WHAT THE TASK REQUIRES:
In the data below, find the line containing "A mobile mechanic"; transcribe it and each line after it exactly, through the last, skipping pictures.

SOURCE MATERIAL:
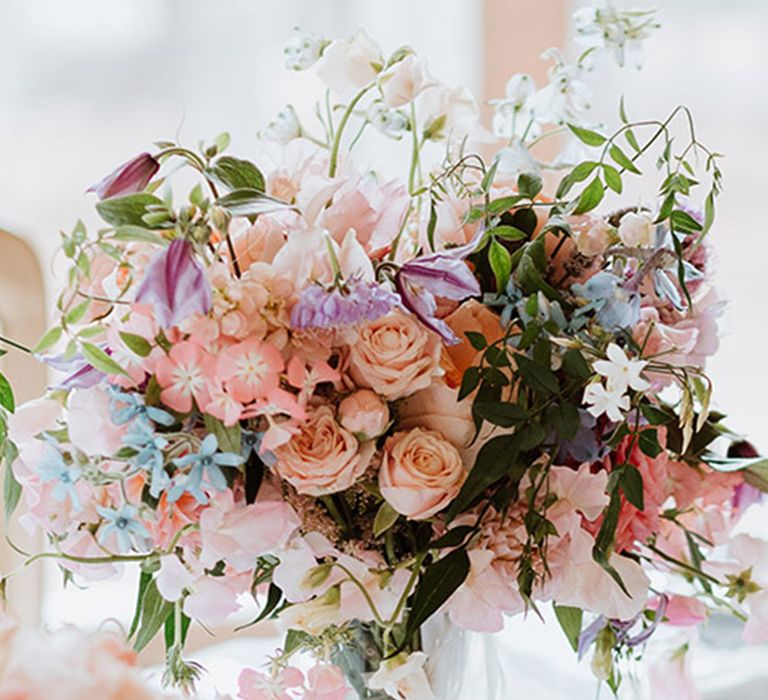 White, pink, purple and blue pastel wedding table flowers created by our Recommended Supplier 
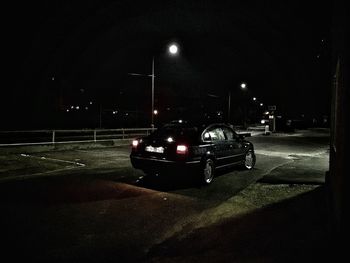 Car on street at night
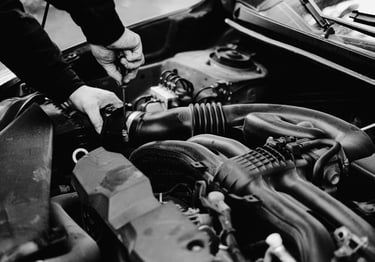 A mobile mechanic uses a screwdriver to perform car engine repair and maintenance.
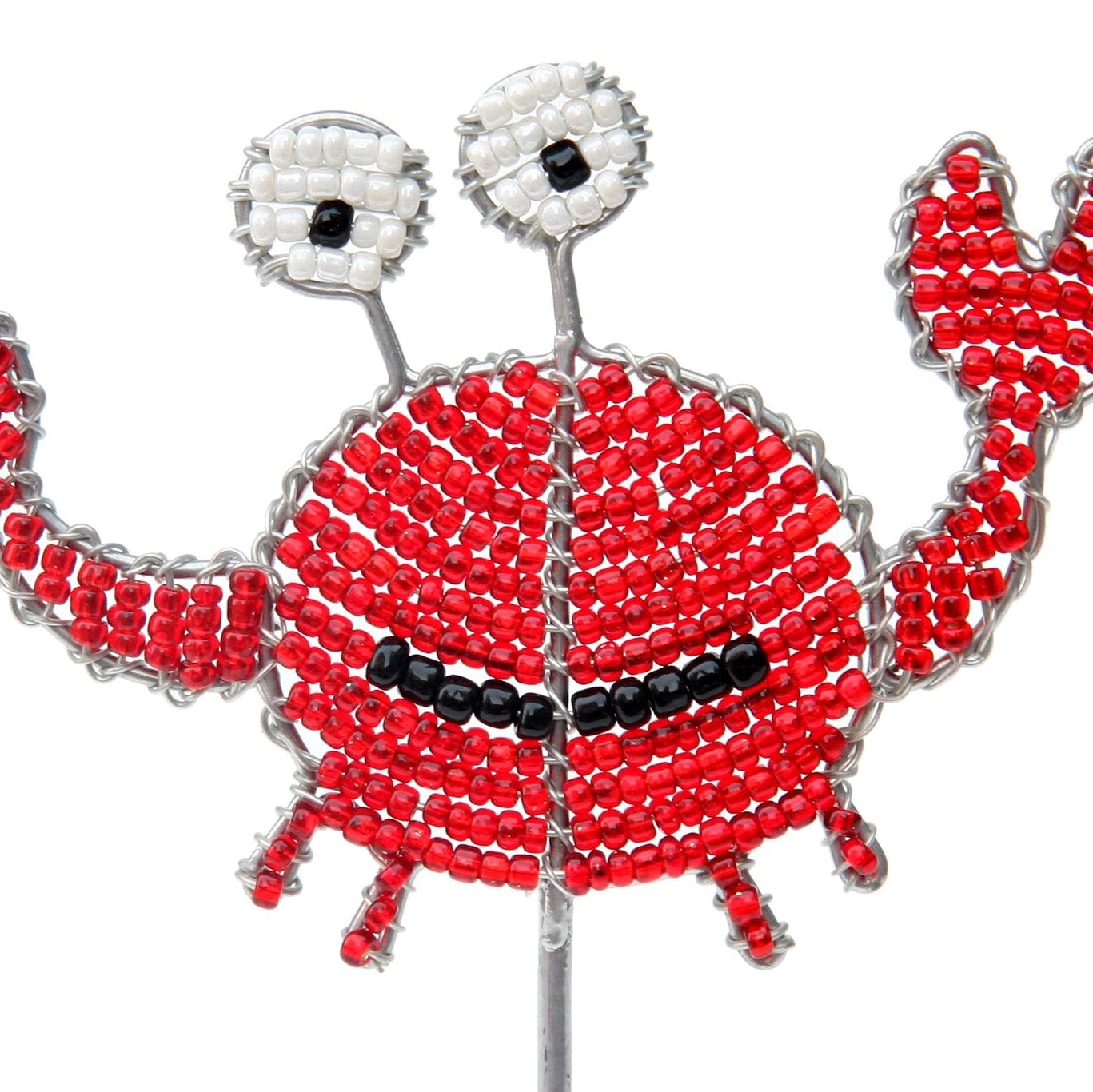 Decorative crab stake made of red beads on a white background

TASK OUTPUT:
 A mobile mechanic uses a screwdriver to perform car engine repair and maintenance.
 Decorative crab stake made of red beads on a white background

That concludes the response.